Une figure transversale : La portée de son héritage
L’héritage de Mamadou Dia dépasse aujourd’hui les clivages politiques. Alors qu’il fut longtemps perçu comme un homme politique trop radical et isolé, son image a aujourd’hui une portée plus large. En 2022, la ville de Thiès a inauguré une plaque commémorative en son honneur. Un geste symbolique fort pour honorer la mémoire de celui qui fut un des premiers à revendiquer une véritable indépendance économique pour le Sénégal.
Les mouvements politiques contemporains, notamment le Pastef-Les Patriotes d’Ousmane Sonko, se réclament de l’héritage de Mamadou Dia. Son discours sur la souveraineté économique, son rejet des compromis et son refus de la dépendance vis-à-vis de la France résonnent encore dans les revendications actuelles. Les jeunes générations, fascinées par son intégrité et sa vision politique, adoptent de plus en plus ses idées sur la nécessité de réformer les structures héritées de la colonisation.

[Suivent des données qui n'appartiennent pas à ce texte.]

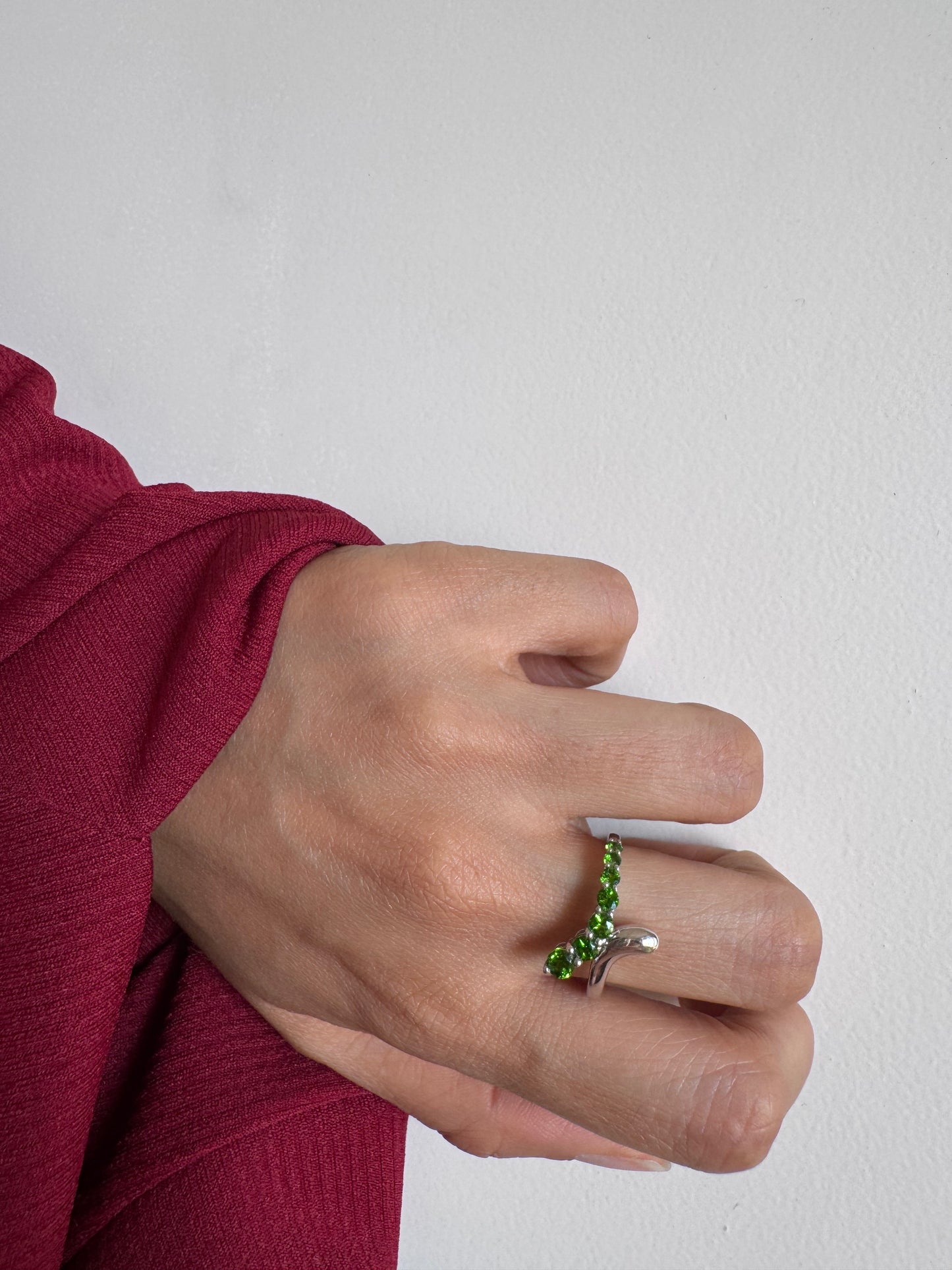 Birdie Chrome Diopside Round Shape Ring Genuine Gemstone in 925 Sterling Silver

Mamadou Dia, un « baobab » intemporel
Mamadou Dia est aujourd’hui considéré comme un véritable symbole de la résistance, de la rigueur morale et de la lutte pour la souveraineté économique. Son parcours témoigne d’une vision claire : celle d’un Sénégal totalement indépendant, en rupture avec les logiques de dépendance héritées de la colonisation. Soixante-deux ans après sa chute, l’homme, tel un baobab, demeure un arbre-roi de la politique sénégalaise, dont l’héritage continue d’inspirer de nouvelles générations.

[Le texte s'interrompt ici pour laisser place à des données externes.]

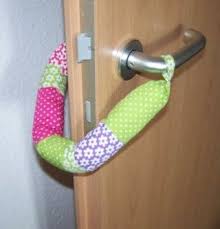 Cale Porte Anti Pince Doigts Brico Trucs Astuces Cale Porte Boudin De Porte Trucs Et Astuces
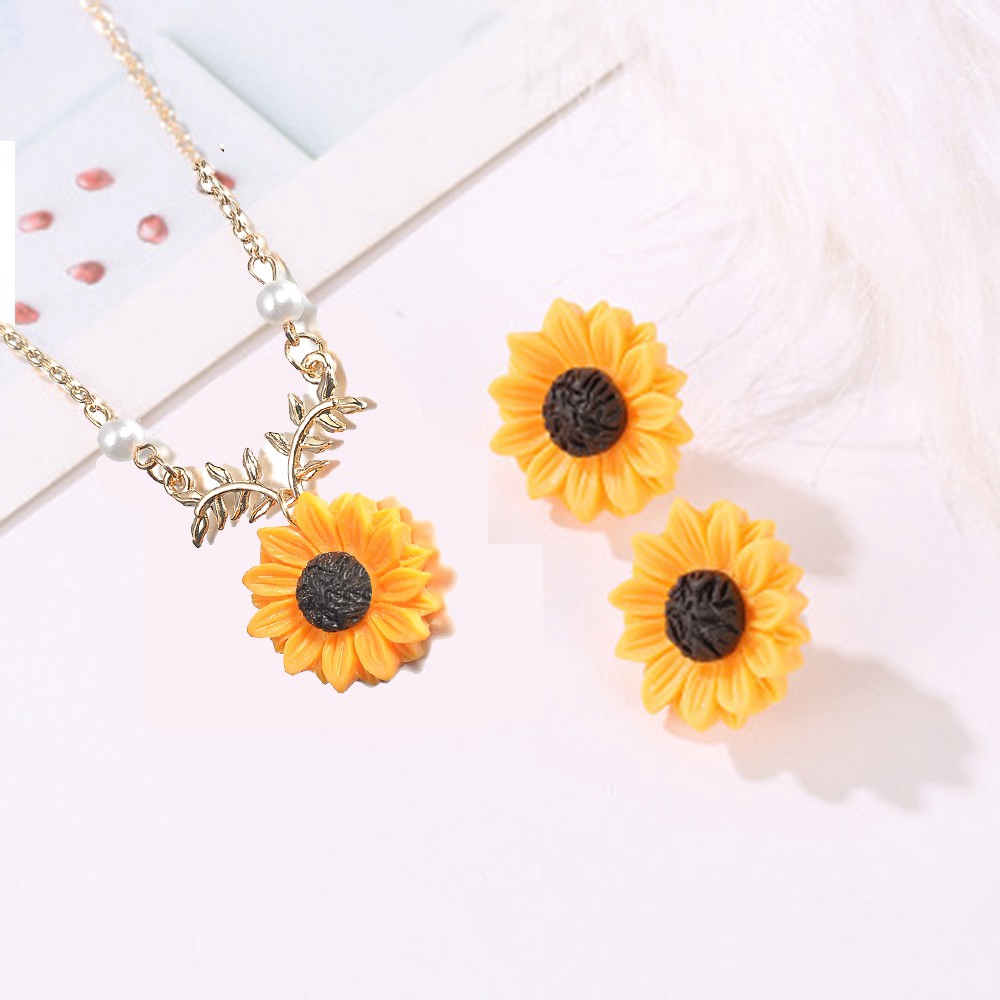 Bộ Dây Chuyền + Bông Tai Hình Hoa Hướng Dương Có Đính Ngọc Trai Giả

En mourant le 25 janvier 2009, Mamadou Dia a laissé une empreinte indélébile dans l’histoire de notre pays. Son combat pour un Sénégal indépendant, souverain et juste reste un modèle de résistance à toute forme de compromission, un modèle qui défie l’oubli et la manipulation de la mémoire. Le « premier Mawdo » reste, pour l’Afrique et le Sénégal, une référence intemporelle.